Hydroponics in Glass Vases
Glass vases give a very slick look in your home, combined with the intricate beauty of visible root systems. There are many species of plants and trees that will root when placed in water, showcasing as much artistry below as above. You will need a vase that has a thinner neck at the top to support your cutting, while the bottom should be wider to accommodate the roots that will grow.
Fiddle leaf figs and geraniums are ideal for this. You can also use lavender, sage, basil, oregano, rosemary, and mint for pickable herbs and natural room fragrancers. For air filtering houseplants, you can pick from spider plants, jade, peace lilies, and begonias.
Last but not least, air plants are the perfect solution for the lazy gardener. While many of us live busy lives and fear the death of houseplants, air plants are the ideal answer to the problem. They grow by taking all they need from the air around them, without need for soil or lots of water.
They like to attach themselves to rocks or trees.
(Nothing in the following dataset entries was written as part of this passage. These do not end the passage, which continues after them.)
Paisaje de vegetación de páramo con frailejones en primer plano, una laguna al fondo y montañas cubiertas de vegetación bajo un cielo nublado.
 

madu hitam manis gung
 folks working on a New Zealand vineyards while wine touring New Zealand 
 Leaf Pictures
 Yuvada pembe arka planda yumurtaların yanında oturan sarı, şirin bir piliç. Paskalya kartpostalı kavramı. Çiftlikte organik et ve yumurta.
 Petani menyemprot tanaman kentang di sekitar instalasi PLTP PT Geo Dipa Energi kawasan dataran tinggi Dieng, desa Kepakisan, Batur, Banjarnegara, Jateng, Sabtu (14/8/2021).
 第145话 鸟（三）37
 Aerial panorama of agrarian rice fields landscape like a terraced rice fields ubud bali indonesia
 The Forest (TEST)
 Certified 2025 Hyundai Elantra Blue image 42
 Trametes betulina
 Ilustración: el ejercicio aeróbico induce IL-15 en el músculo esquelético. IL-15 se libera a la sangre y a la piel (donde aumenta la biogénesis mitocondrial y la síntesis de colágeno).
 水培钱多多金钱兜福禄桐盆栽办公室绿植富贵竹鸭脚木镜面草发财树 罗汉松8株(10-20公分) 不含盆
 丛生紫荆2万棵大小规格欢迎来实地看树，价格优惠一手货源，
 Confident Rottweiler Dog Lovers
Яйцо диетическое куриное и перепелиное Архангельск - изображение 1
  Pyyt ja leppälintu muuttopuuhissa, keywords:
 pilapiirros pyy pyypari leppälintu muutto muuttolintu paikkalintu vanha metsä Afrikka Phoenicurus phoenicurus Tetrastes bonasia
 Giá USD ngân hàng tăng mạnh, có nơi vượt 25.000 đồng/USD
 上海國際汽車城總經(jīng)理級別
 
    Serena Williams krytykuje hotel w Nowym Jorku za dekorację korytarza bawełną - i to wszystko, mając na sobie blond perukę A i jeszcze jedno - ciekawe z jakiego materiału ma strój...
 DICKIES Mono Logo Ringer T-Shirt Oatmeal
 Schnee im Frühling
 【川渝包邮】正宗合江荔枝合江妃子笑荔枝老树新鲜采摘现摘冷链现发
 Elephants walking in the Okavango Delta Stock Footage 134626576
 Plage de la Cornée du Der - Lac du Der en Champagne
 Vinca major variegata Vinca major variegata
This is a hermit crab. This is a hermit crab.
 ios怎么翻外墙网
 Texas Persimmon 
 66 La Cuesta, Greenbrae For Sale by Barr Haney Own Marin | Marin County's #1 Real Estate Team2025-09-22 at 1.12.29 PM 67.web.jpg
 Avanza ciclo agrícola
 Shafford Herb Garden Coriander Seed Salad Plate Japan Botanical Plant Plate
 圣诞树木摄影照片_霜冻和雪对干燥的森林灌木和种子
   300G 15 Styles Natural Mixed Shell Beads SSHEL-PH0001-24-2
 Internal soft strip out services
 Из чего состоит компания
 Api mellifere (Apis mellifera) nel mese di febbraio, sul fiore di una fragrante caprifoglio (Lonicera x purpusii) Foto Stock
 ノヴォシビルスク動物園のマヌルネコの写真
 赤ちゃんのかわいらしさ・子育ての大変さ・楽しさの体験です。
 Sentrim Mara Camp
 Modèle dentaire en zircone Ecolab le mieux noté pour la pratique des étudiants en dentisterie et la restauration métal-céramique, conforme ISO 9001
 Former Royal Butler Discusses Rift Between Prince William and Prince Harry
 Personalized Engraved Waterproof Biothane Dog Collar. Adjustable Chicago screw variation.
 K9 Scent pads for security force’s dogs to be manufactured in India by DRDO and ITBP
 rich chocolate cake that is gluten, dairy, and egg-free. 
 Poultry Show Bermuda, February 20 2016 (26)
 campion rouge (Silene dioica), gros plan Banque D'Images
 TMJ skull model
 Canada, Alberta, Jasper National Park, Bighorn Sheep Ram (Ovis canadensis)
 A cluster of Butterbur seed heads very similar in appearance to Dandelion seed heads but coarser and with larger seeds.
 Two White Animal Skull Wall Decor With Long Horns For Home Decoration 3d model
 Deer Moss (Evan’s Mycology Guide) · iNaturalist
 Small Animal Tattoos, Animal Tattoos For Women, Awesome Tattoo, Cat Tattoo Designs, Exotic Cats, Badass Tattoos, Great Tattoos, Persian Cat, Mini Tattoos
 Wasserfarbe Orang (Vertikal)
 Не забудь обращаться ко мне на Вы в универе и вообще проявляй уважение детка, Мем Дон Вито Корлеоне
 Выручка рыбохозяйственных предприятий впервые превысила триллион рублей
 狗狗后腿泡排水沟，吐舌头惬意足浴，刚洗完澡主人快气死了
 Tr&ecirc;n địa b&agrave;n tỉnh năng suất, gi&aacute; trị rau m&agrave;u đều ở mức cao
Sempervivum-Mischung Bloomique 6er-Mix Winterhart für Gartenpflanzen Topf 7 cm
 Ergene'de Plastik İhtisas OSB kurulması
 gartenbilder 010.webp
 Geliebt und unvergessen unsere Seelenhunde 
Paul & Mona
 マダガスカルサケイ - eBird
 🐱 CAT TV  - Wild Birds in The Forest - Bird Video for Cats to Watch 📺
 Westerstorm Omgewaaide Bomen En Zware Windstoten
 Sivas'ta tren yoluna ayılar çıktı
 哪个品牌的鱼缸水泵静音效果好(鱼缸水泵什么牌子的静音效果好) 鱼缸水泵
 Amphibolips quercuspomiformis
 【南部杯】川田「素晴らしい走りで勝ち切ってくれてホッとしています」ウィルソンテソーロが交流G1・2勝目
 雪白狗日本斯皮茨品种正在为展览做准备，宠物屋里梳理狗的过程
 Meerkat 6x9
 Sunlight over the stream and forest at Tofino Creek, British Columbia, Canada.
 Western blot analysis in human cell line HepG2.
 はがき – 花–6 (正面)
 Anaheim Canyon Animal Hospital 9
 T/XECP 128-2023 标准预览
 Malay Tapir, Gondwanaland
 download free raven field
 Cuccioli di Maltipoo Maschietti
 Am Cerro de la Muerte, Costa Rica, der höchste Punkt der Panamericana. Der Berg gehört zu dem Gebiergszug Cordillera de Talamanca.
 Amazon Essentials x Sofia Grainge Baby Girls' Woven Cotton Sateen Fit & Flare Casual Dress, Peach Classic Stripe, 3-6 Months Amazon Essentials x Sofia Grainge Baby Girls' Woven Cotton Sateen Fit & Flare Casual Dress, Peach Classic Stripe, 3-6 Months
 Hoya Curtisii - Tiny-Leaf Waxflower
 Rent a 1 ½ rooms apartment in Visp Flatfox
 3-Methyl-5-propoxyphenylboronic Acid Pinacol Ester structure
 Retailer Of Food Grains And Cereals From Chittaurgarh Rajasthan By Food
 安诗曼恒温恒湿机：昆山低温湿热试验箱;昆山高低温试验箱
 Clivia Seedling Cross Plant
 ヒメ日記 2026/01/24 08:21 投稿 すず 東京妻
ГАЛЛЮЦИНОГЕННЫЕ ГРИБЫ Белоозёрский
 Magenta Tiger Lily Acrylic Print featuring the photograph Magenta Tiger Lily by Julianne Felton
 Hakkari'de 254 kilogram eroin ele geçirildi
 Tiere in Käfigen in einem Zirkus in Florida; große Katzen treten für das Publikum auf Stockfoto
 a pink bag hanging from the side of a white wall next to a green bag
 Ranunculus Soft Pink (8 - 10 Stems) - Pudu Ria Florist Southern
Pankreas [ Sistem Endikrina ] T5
To accommodate this when using air plants as living decor, give them a little rock formation or piece of wood/bark is the best option. You need to water them every one to two weeks, by filling the sink and rinsing them. Let them drain in the sink overnight. You can also spray them once a week. They like partial shade, but they like warm temperatures.
No matter your horticultural skill, there are a whole menagerie of options for living decor, to give your room that green-thumbed feel. Whether you’re looking to fill floor to ceiling like a forested boudoir, or to add a slice of green in a minimal studio, you can incorporate plants on all levels of your living space.
Just remember that houseplants need light and will grow toward the light they find - so think about this journey over time and place your plants strategically considering their growth in the future.